EXERCISE REQUIREMENTS: The output should consist solely of the line containing "Ford F-350 Platformas/izkraušana no sāniem" and the lines that follow it through the end of the data below.

- - -

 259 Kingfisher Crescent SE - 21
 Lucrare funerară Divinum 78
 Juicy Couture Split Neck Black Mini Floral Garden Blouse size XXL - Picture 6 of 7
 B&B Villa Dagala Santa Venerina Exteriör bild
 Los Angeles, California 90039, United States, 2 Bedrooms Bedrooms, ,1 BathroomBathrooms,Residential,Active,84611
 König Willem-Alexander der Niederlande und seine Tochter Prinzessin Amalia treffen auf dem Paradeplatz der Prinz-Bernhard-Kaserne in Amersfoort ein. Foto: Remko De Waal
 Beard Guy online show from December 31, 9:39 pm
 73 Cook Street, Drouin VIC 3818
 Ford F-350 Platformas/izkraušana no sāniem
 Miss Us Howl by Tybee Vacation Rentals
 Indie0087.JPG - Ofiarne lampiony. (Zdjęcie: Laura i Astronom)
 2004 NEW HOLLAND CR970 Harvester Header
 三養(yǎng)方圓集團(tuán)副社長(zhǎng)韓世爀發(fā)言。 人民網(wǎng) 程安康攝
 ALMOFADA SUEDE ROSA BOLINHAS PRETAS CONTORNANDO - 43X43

- - -

RESPONSE:
 Ford F-350 Platformas/izkraušana no sāniem
 Miss Us Howl by Tybee Vacation Rentals
 Indie0087.JPG - Ofiarne lampiony. (Zdjęcie: Laura i Astronom)
 2004 NEW HOLLAND CR970 Harvester Header
 三養(yǎng)方圓集團(tuán)副社長(zhǎng)韓世爀發(fā)言。 人民網(wǎng) 程安康攝
 ALMOFADA SUEDE ROSA BOLINHAS PRETAS CONTORNANDO - 43X43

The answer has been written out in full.